Mayor Bill de Blasio and the City Council, in creating competing charter revision commissions, avoided endorsing the central reason why the City could benefit from charter revision: ending term limits for council members. Term limits arguably may have had a healthy impact on the mayoralty, but not so with the council. Two four-year terms for council members resulted in instability of council membership and leadership and a lack of institutional discipline that has produced a council weaker than it should be.
Voters in 1993 imposed term limits on a government that had been explicitly designed to create two power bases – a strong mayor and an equally strong council. Term limits upset that balance. Prior to the 1989 charter the power of the mayor was balanced by a board of estimate where the mayor had only two votes out of eleven; the comptroller and council president each held two votes while the borough presidents each had one. The 1989 charter commission eliminated the board of estimate, but explicitly sought to maintain the balance of power by making the new council the equal of the old board of estimate on such matters as budget, land use, zoning, franchises and oversight of agencies.
Term limits undermined the capacity of the council to play the role intended by the 1989 charter. There have been three speakers in the last five years. Each of them has been strong individually, but rapid change in leadership weakens the institution. Three years from now in the 2021 elections 37 of the 51 council members will be term-limited, including the current speaker. Most of the members would like to remain in government so many of them are already thinking about the next job. Without term limits, many members would instead be building expertise and authority to support their role as the counterweight to the mayor.

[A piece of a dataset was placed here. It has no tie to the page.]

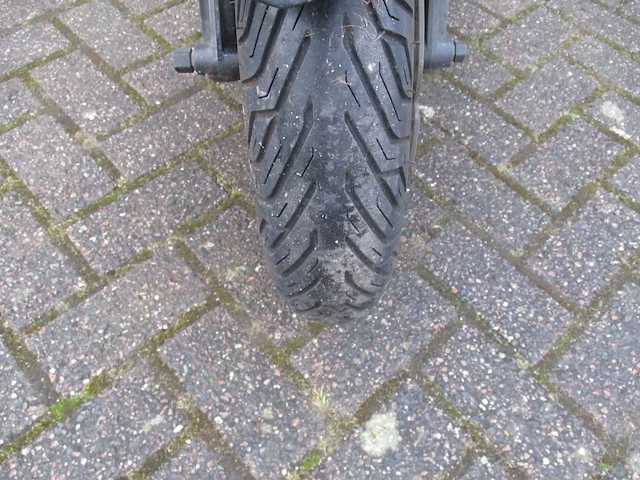 Sym - bromscooter - jet14 injectie - scooter - afbeelding 7 van  12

Charter commissions uniquely can help voters understand obscure charter issues like term limits by explaining how term limits affect the council. The commissions should place term limits for council members at the top of the agenda with the goal of building the public’s understanding of the impact of term limits on the council. Even the small change of adding a third term would greatly strengthen the council. A charter commission is the place to have that discussion.
By: Ross Sandler
No, term limits are not an “obscure issue” on which voters need to be tutored by incumbents eager to get rid of them. We know. We know that incumbents don’t want to be term-limited and will never stop trying to get rid of them. We know that they know and that we know the advantages which incumbents enjoy over challengers merely in virtue of being incumbents. We know that abuse of power is more likely the longer an incumbent is entrenched in power. We know that electoral competition increases dramatically when term-limited seats become “open” or when an incumbent finally dies or retires from offices that are not term-limited. Thanks for the offer. But we know.